Pouvoir réouvrir des périodes critiques dans le cerveau adulte ?

Les neurobiologistes apprennent à maîtriser expérimentalement l’ouverture et la fermeture des périodes critiques pour réinstaurer une épigenèse synaptique dans le cortex cérébral adulte [21, 22].

L’ouverture des périodes critiques peut être avancée ou prolongée par des traitements pharmacologiques utilisant des agonistes GABAergiques tels que le diazépam. La dépolymérisation de la matrice extracellulaire par traitement enzymatique, associée à un apport de facteurs de croissance, permet aux réseaux neurono-synaptiques de recouvrer une certaine plasticité (Figure 2F et 2G) [23].

Un environnement enrichi en odeurs peut stimuler la neurogenèse et la synaptogenèse dans le système olfactif adulte [24]. La restauration de la plasticité synaptique dans une modalité sensorielle donnée, par exemple dans le cortex visuel, peut également être stimulée par l’activation d’autres modalités sensorielles, motrices, et cognitives, dans un environnement enrichi [25, 26].
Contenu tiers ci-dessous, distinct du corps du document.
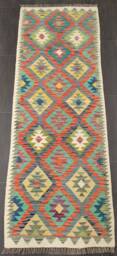 Multicolour Kilim Runner, Handmade Artisan Afghan Turkish Aztec Sheep Wool Runner Rug 186x68 cm - thumbnail 1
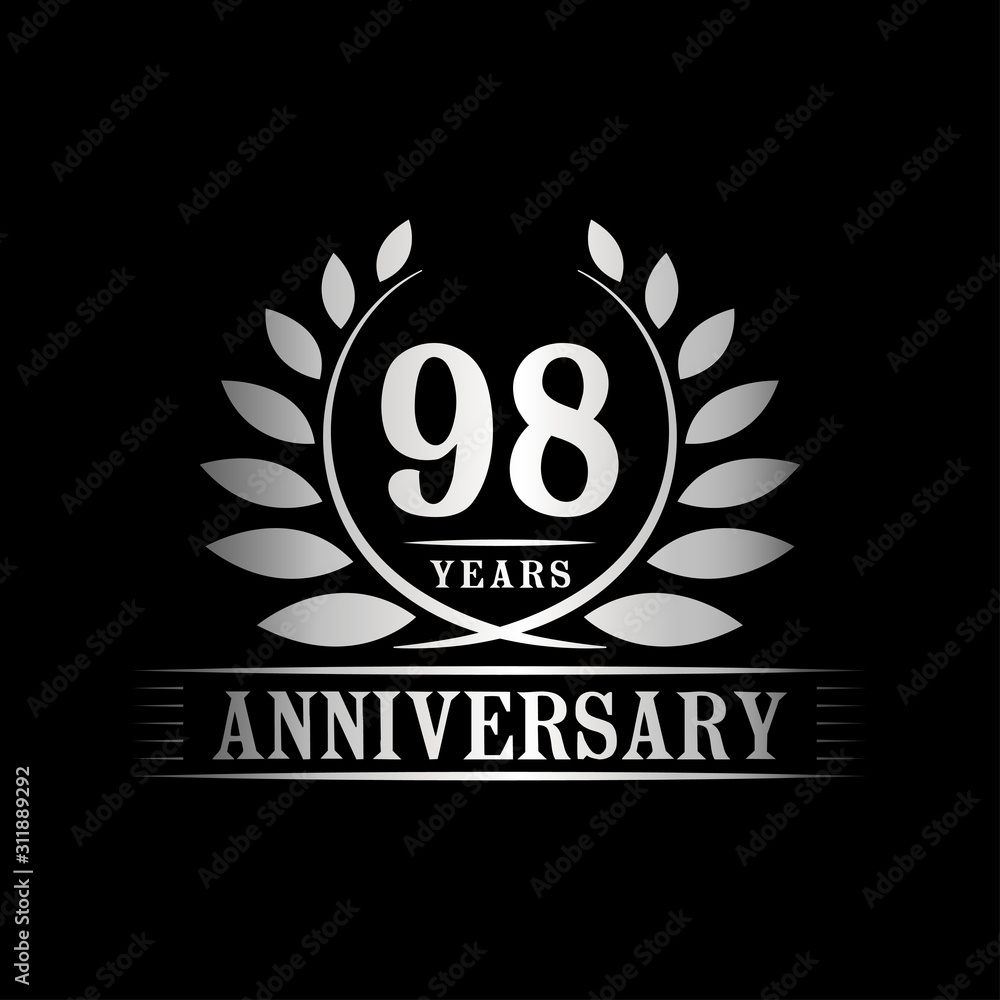 98 years logo design template. Anniversary vector and illustration template.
La restauration peut s’effectuer en privilégiant le paramètre temps : des réapprentissages par incréments [27], sur une longue durée, peuvent réorganiser les circuits neurono-synaptiques. Les thérapies comportementales cognitives peuvent aussi réorganiser, au moins fonctionnellement, des circuits corticaux [28].

Conclusions

La synapse est beaucoup plus qu’une simple solution de continuité anatomique et physiologique locale entre deux neurones. L’épigenèse synaptique permet d’intégrer sur un même neurone les flux permanents des signaux des diverses modalités sensorielles, motrices, végétatives, cognitives… représentant à chaque instant le monde environnant, et de les mêler constamment aux représentations durables de l’histoire individuelle. Ces associations servent aussi les fonctions cognitives les plus abstraites, permettent des combinaisons nouvelles de représentations et constituent les bases matérielles des capacités créatrices du cerveau humain. La façon dont l’épigenèse synaptique code anatomiquement et fonctionnellement ces représentations est encore inconnue. Les manipulations épigénétiques sur le cerveau adulte ouvrent des perspectives thérapeutiques fascinantes et constituent l’un des grands chantiers de la neurobiologie du xxie siècle.